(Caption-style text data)

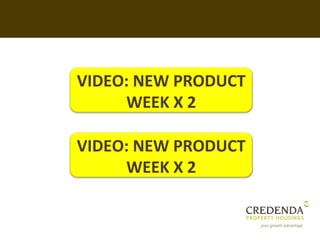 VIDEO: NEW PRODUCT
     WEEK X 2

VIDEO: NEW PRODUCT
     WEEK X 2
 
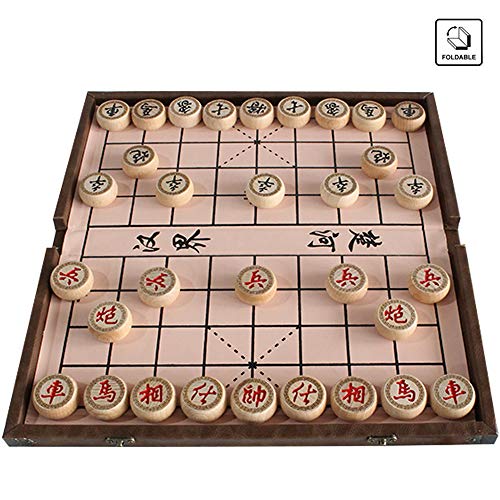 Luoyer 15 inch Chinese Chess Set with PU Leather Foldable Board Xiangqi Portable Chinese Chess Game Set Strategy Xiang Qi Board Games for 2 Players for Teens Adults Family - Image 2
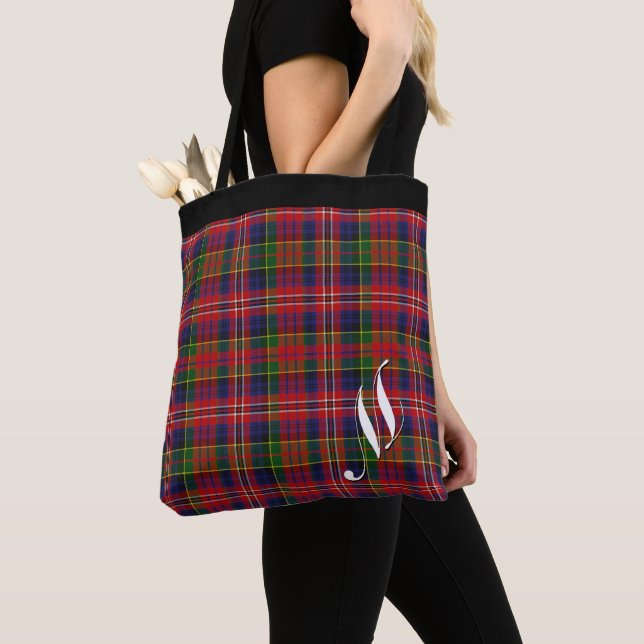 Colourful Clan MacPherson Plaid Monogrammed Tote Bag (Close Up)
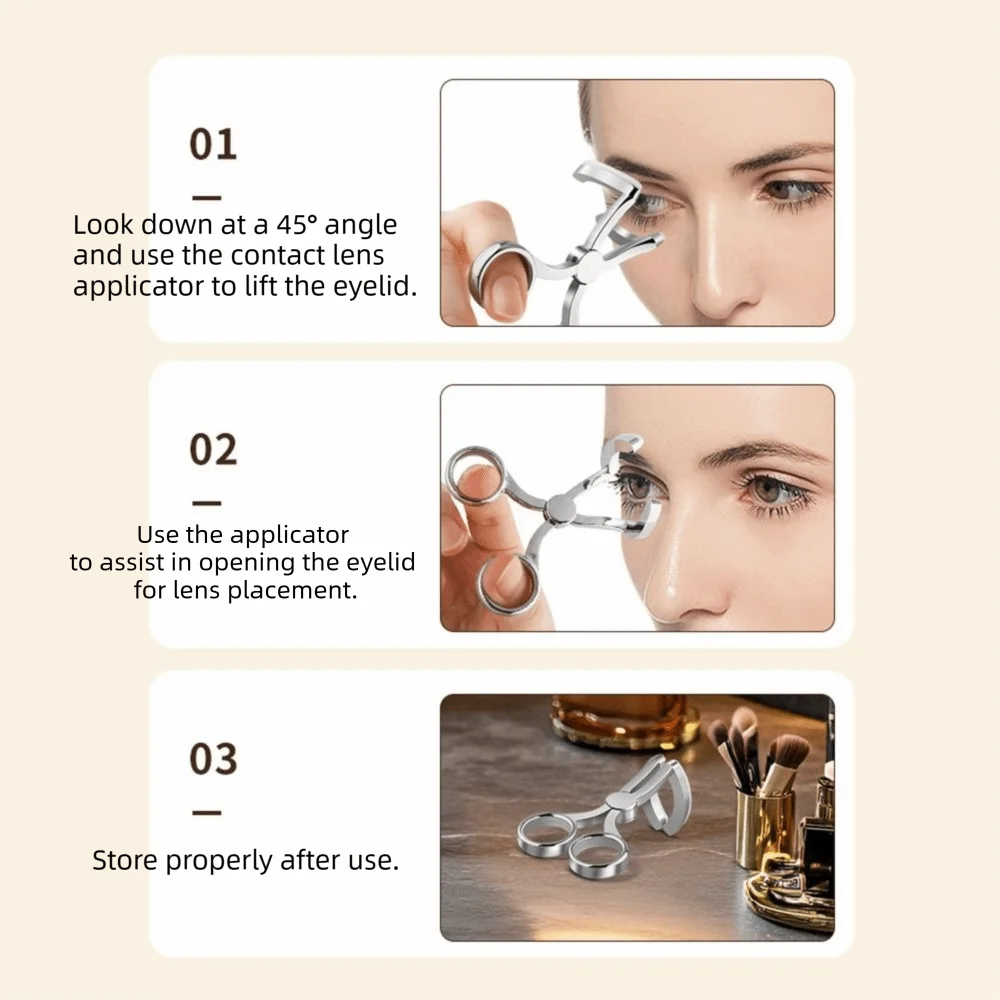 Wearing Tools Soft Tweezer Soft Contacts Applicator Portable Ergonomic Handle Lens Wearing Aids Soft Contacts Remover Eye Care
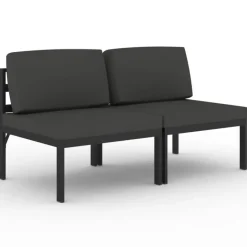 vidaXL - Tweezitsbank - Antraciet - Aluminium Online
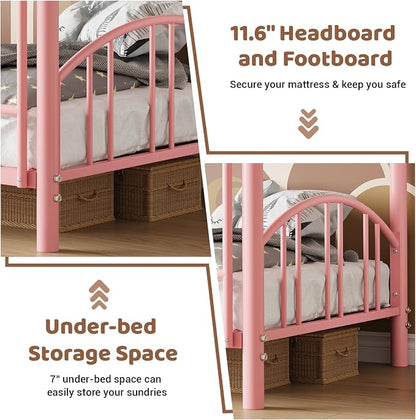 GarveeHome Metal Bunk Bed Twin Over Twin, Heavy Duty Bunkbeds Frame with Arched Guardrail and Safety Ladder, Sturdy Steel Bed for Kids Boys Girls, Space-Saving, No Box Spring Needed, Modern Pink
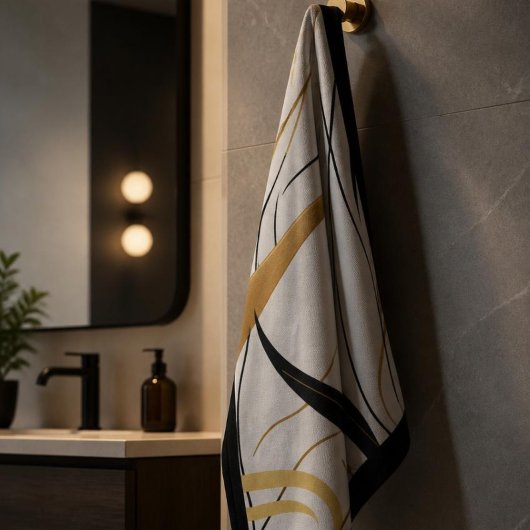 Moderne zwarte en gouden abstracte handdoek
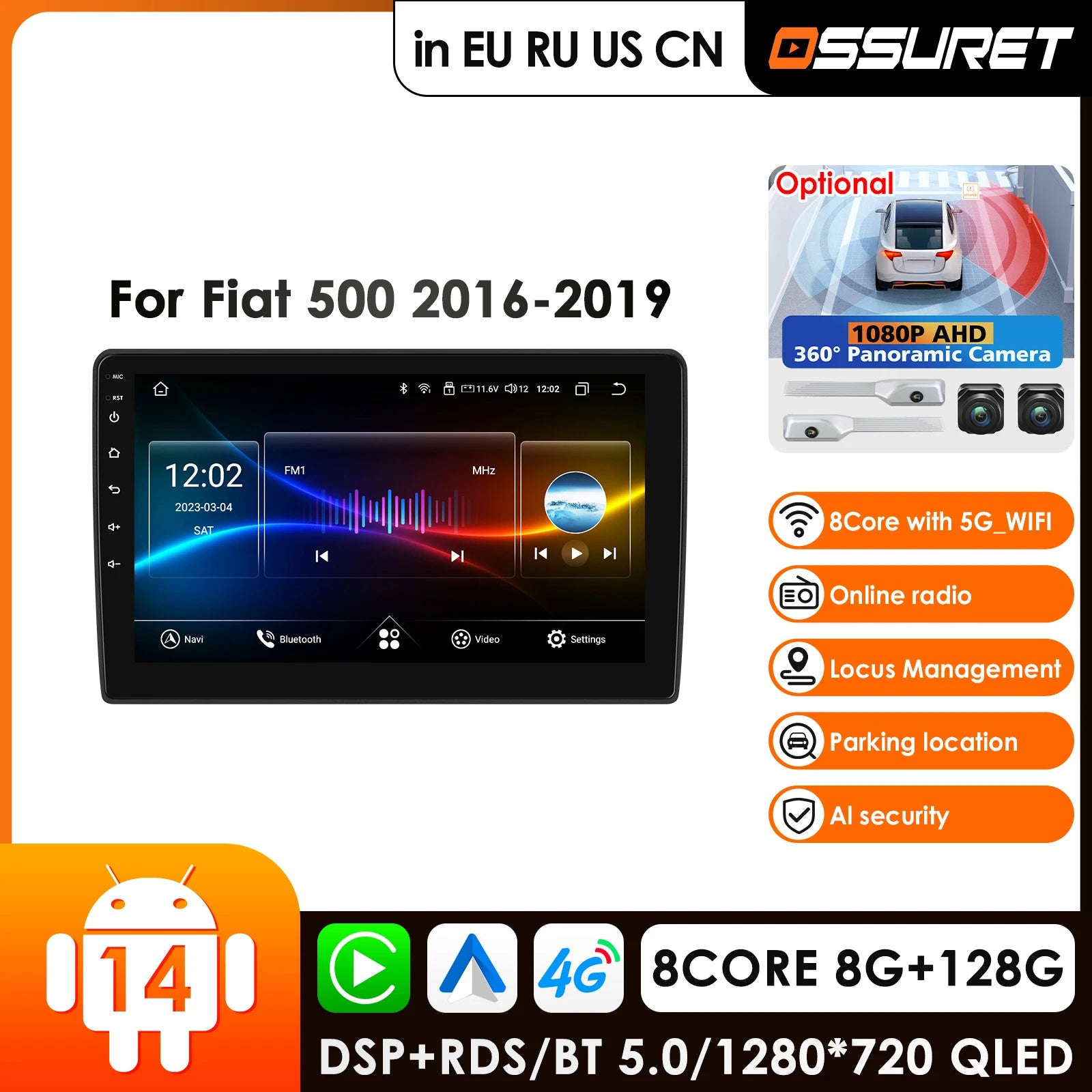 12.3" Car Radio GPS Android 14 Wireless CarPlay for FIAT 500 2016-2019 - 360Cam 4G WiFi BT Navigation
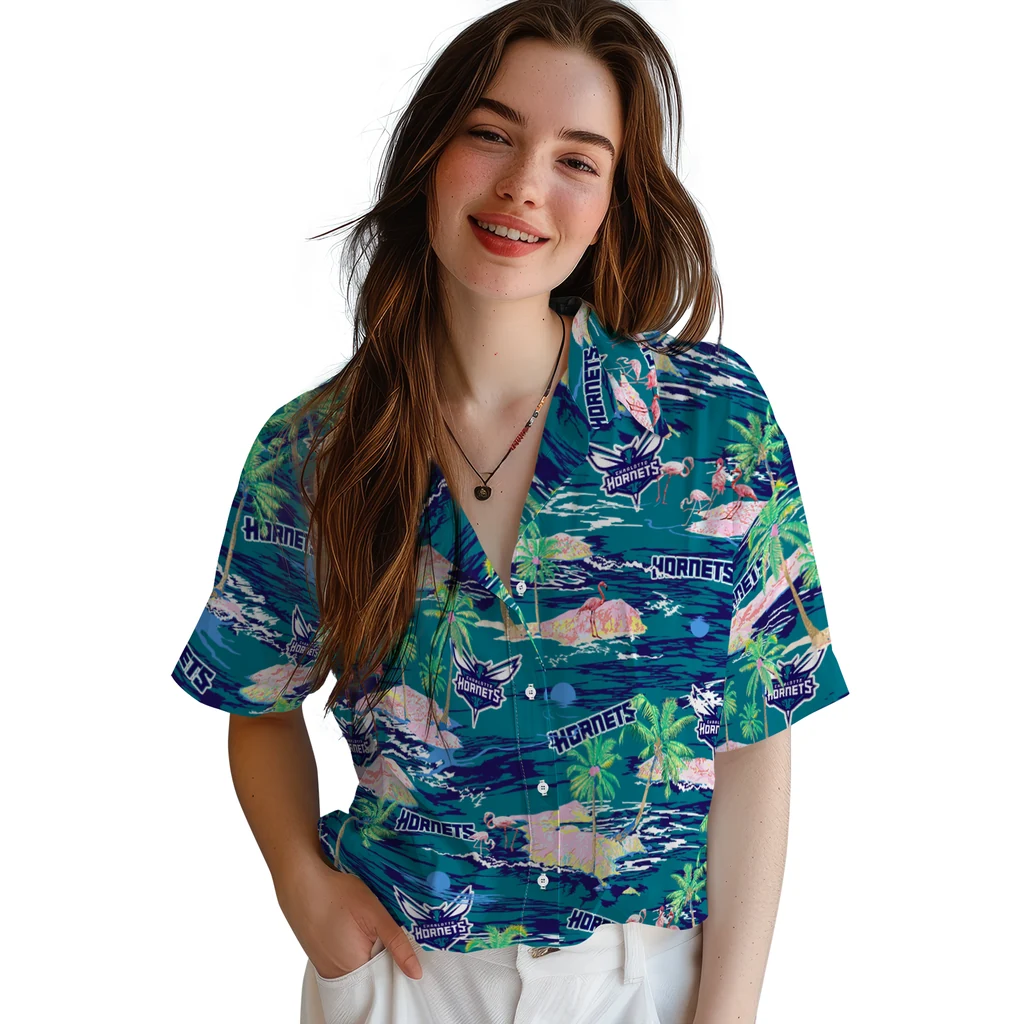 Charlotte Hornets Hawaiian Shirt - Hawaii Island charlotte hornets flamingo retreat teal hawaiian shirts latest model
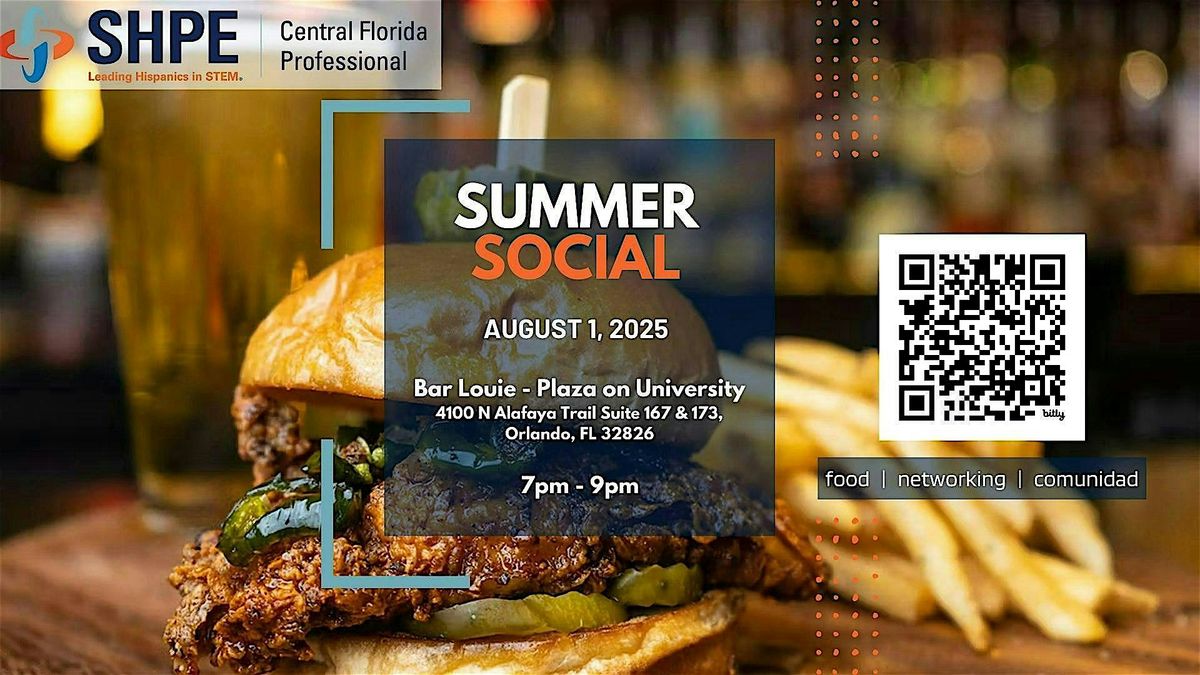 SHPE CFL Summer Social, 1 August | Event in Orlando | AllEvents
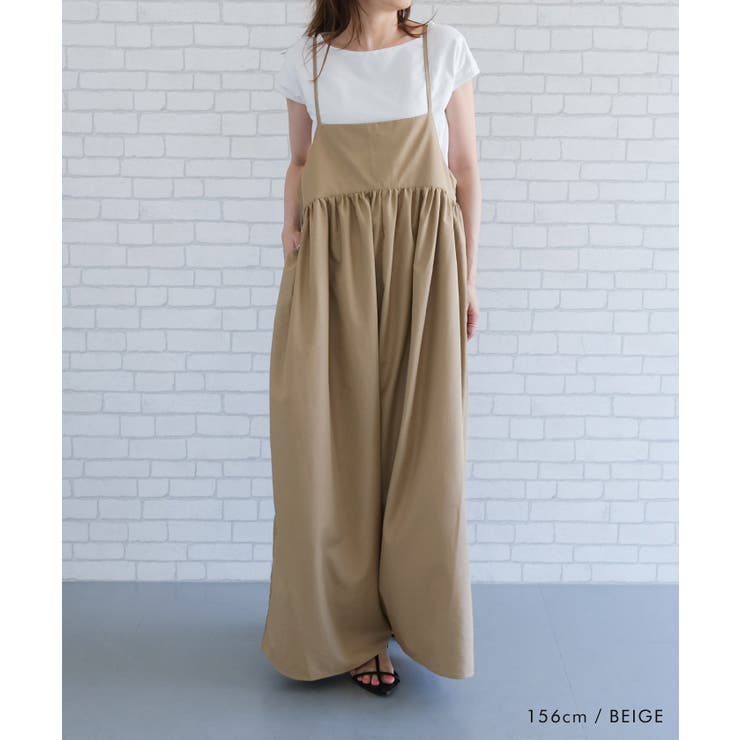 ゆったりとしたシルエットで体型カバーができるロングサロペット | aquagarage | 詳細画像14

* **Exercise goal**
Produce an exact copy of only those lines that run from the line with "Charlotte Hornets Hawaiian" to the final line of the records, including both; exclude images.

* **Output for this task**
 Charlotte Hornets Hawaiian Shirt - Hawaii Island charlotte hornets flamingo retreat teal hawaiian shirts latest model
 SHPE CFL Summer Social, 1 August | Event in Orlando | AllEvents
 ゆったりとしたシルエットで体型カバーができるロングサロペット | aquagarage | 詳細画像14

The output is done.